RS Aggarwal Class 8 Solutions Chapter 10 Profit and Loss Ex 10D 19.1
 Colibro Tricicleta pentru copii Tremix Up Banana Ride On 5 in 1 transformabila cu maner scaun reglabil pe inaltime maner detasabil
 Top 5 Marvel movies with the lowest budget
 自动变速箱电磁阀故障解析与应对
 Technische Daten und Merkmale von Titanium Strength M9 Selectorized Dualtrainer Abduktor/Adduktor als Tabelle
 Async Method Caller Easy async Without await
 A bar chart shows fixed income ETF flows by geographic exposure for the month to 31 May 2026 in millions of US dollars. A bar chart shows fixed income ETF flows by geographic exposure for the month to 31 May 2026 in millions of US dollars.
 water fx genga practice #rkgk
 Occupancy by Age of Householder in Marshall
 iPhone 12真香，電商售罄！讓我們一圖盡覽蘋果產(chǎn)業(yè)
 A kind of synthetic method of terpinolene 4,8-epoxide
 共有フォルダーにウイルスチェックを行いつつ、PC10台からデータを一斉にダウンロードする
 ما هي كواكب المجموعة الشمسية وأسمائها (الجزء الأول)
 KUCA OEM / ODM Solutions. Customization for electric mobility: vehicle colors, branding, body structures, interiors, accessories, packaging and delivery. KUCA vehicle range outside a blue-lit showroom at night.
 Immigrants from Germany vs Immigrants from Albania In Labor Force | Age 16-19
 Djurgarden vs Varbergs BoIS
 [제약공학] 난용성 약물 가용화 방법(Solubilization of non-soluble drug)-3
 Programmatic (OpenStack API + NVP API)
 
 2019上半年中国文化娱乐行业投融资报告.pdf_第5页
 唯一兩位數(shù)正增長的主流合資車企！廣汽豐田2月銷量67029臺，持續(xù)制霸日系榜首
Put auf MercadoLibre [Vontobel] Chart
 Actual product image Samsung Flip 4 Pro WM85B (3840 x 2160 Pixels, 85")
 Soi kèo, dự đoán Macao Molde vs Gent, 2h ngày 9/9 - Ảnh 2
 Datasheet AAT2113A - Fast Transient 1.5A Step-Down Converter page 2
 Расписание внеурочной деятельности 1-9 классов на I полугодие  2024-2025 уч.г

· · · ·

:: Exercise goal ::
Copy each record above so that no word or mark differs.

:: Answer box ::
RS Aggarwal Class 8 Solutions Chapter 10 Profit and Loss Ex 10D 19.1
 Colibro Tricicleta pentru copii Tremix Up Banana Ride On 5 in 1 transformabila cu maner scaun reglabil pe inaltime maner detasabil
 Top 5 Marvel movies with the lowest budget
 自动变速箱电磁阀故障解析与应对
 Technische Daten und Merkmale von Titanium Strength M9 Selectorized Dualtrainer Abduktor/Adduktor als Tabelle
 Async Method Caller Easy async Without await
 A bar chart shows fixed income ETF flows by geographic exposure for the month to 31 May 2026 in millions of US dollars. A bar chart shows fixed income ETF flows by geographic exposure for the month to 31 May 2026 in millions of US dollars.
 water fx genga practice #rkgk
 Occupancy by Age of Householder in Marshall
 iPhone 12真香，電商售罄！讓我們一圖盡覽蘋果產(chǎn)業(yè)
 A kind of synthetic method of terpinolene 4,8-epoxide
 共有フォルダーにウイルスチェックを行いつつ、PC10台からデータを一斉にダウンロードする
 ما هي كواكب المجموعة الشمسية وأسمائها (الجزء الأول)
 KUCA OEM / ODM Solutions. Customization for electric mobility: vehicle colors, branding, body structures, interiors, accessories, packaging and delivery. KUCA vehicle range outside a blue-lit showroom at night.
 Immigrants from Germany vs Immigrants from Albania In Labor Force | Age 16-19
 Djurgarden vs Varbergs BoIS
 [제약공학] 난용성 약물 가용화 방법(Solubilization of non-soluble drug)-3
 Programmatic (OpenStack API + NVP API)
 
 2019上半年中国文化娱乐行业投融资报告.pdf_第5页
 唯一兩位數(shù)正增長的主流合資車企！廣汽豐田2月銷量67029臺，持續(xù)制霸日系榜首
Put auf MercadoLibre [Vontobel] Chart
 Actual product image Samsung Flip 4 Pro WM85B (3840 x 2160 Pixels, 85")
 Soi kèo, dự đoán Macao Molde vs Gent, 2h ngày 9/9 - Ảnh 2
 Datasheet AAT2113A - Fast Transient 1.5A Step-Down Converter page 2
 Расписание внеурочной деятельности 1-9 классов на I полугодие  2024-2025 уч.г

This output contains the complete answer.